Translation:He wants to buy a new refrigerator in a year.
Thank you for telling us that. Inconsistency is the word I use a lot with this course.
And sometimes finding the answer they want is like trying to shoot an arrow through one of the rings of Saturn, it is that level of probability.
Chinese is a beautiful language, and I love learning it, but there are times I just have to get up and walk off for a while because the paucity of English answers, and getting marked wrong when I know I have interpreted the Chinese correctly is so damn irritating.
Yet they seem to be AWOL. Other courses are far better maintained.
I used to be a teacher and I would feel like I was deliberately wanting my students to fail with a course like this one.
I cancelled my phone version's exercise at the very end just so that I could come across your comment on the tab version (having had known what the questions would be and how to answer them again quickly...till I reach your comment here) just to be able to see the year where you posted it, hoping it was long ago, hoping Duolingo had had enough time so as to improve inconsistencies and mistakes, so that at the time I am learning ((a year ago from your time ! )), I would be learning hopefully consistent Chinese and not a flawed Chinese, testified by a native speaker ! WUHUUU !!......
The Chinese and the English are both fine here. And "in a year" is more natural than "in one year" (which sounds more like something an ESL speaker would say in this context).

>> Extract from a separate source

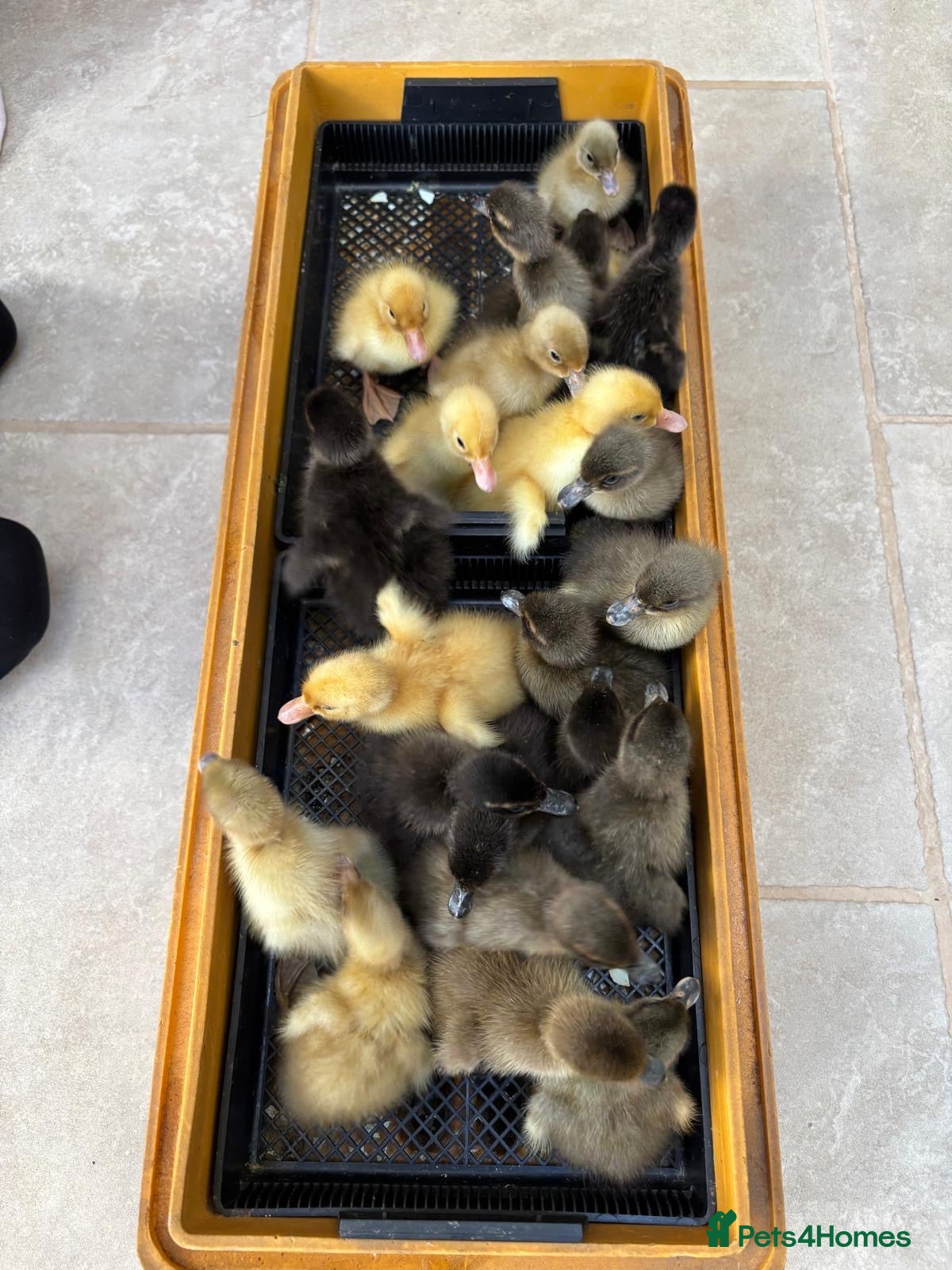 Ducks poultry Day old runner ducks and chicks  - Advert 2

"In one year" should be accepted as an alternative, but this exercise gives no cause to complain about the Chinese.
You're right about the first case. It could even be in the next couple of months, or it could be sometime later than that, as long as it's before 15 December of the next year. But in the second case you would be buying it around December 15 of the next year, or a bit later. It could be slightly before, because we don't usually mean to be so precise, but generally it means an entire year will have passed from the date of the statement.
"Next year" is "明年".
"In a year" means that a year's time will have passed. "Next year" is a little less precise, as it could mean a year's time will have passed, or it could mean "in the next calendar year", in which case how much time will have passed would depend on where we were in the current calendar year (or we could be talking about financial years, school years, etc.).
I know each of these characters and the sound(s) they may make, but I could not for the life of me understand what she was saying. I don't know if my brain is struggling to keep up with faster speech, but I feel like there was no enunciation between each character for the entire duration of 想一年后。